PROBLEM:
Whenever the word "Tiguan" appears on a line of the material below, that line is counted; state the total alone.

EXTRACTED MATERIAL:
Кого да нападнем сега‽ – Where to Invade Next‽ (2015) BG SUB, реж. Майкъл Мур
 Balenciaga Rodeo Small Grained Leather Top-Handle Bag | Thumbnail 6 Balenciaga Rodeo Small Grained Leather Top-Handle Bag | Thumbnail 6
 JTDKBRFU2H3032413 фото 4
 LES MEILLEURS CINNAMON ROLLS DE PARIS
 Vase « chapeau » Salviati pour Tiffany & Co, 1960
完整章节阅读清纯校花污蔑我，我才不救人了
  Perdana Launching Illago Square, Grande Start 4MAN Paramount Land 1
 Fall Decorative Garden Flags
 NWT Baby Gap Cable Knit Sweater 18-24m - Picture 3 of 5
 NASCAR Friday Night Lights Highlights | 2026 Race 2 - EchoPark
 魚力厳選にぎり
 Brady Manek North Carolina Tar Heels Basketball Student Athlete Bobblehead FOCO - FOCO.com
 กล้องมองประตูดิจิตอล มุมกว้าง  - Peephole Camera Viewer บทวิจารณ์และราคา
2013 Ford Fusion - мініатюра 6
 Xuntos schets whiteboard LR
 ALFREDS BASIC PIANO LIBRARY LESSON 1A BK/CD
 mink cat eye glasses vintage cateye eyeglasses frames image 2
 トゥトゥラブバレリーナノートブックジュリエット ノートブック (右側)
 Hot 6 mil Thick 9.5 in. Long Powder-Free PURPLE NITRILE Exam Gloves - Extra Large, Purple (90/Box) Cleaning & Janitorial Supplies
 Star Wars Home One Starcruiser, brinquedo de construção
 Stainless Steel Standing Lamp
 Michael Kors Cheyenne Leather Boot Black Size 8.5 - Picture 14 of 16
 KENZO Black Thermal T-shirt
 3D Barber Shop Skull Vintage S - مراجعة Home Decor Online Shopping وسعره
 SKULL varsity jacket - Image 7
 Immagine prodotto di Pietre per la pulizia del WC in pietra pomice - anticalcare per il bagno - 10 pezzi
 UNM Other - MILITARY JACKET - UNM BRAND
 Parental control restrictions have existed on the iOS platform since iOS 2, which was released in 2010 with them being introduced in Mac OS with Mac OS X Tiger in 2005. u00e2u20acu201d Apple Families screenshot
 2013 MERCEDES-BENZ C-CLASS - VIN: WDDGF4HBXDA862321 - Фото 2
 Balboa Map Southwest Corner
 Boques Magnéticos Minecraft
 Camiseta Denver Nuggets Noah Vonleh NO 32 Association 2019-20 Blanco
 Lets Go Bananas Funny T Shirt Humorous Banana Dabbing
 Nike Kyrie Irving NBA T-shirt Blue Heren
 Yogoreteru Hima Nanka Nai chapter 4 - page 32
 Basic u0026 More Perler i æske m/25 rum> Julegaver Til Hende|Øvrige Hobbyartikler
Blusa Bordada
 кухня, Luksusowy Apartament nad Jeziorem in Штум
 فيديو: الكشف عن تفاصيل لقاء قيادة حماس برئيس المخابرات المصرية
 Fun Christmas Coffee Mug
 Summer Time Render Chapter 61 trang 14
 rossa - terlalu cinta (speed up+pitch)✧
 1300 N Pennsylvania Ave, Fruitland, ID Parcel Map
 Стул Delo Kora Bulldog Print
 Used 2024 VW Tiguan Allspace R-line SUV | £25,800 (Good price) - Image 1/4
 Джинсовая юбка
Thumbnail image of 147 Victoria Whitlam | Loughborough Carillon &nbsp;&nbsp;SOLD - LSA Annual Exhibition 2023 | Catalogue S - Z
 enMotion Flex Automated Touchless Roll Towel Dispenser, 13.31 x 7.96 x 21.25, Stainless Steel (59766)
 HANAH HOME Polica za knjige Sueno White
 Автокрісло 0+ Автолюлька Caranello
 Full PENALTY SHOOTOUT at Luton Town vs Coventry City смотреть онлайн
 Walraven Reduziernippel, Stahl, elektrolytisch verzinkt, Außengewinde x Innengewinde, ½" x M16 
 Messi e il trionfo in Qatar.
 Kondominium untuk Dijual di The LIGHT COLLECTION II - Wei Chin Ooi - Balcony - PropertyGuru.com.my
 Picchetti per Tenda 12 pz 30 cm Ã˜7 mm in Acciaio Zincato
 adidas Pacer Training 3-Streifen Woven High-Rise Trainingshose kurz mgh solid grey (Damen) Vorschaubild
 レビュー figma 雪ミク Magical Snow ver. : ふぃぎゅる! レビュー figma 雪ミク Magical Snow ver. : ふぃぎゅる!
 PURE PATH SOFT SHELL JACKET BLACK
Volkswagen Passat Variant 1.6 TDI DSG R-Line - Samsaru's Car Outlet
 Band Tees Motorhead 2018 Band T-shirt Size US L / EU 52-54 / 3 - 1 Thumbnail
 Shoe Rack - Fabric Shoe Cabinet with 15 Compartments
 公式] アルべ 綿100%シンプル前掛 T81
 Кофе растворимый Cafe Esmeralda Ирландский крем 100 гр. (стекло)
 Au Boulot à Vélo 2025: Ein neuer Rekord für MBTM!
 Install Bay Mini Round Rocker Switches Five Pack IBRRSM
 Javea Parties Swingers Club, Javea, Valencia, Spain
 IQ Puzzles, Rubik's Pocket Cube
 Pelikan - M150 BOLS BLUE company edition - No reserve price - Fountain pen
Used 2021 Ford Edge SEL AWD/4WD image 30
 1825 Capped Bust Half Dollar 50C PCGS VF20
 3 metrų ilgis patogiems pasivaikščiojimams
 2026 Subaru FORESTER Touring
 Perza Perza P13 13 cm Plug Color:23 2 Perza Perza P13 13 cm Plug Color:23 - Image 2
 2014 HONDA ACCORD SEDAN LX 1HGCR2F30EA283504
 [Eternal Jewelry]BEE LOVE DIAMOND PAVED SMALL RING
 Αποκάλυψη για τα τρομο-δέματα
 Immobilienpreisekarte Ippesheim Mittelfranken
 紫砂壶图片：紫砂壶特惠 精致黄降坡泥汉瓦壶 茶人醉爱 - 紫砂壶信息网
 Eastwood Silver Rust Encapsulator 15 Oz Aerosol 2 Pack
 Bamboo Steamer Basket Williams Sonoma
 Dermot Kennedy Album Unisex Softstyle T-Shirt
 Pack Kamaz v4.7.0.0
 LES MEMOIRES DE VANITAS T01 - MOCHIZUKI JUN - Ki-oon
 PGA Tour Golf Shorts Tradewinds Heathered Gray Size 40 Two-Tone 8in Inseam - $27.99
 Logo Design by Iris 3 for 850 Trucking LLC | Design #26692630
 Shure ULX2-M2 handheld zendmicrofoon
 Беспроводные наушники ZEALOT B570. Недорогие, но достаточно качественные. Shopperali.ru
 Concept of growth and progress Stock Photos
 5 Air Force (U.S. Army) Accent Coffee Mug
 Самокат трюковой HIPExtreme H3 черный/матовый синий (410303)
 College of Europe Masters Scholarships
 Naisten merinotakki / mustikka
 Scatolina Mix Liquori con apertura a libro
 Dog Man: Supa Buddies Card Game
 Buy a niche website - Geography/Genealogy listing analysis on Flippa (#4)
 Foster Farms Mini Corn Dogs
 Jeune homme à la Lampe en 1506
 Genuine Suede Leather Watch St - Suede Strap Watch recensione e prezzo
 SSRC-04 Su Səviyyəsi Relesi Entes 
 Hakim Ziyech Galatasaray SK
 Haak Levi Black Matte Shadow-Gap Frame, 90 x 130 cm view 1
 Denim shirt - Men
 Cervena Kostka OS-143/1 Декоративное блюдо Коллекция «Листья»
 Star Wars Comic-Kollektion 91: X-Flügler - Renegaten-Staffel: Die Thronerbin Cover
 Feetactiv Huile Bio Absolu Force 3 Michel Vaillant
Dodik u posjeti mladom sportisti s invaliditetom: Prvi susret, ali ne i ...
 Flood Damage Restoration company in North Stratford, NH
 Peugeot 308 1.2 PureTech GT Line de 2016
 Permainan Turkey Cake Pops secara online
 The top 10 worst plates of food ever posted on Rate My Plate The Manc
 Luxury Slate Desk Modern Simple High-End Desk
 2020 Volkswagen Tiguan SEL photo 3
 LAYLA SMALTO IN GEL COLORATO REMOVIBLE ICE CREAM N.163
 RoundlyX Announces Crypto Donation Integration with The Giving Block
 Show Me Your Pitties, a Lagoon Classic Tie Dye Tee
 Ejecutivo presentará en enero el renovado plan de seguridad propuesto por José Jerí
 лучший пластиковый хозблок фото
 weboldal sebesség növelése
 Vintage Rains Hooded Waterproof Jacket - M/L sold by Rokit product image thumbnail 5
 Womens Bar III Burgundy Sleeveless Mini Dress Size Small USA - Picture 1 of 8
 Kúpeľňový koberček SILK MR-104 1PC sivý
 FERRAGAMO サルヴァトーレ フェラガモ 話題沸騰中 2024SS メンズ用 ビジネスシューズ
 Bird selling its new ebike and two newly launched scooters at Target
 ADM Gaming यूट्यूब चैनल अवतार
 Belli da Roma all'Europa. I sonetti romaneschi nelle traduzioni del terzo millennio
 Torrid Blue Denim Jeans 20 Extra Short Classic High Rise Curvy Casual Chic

RESULT FOR THIS EXERCISE:
2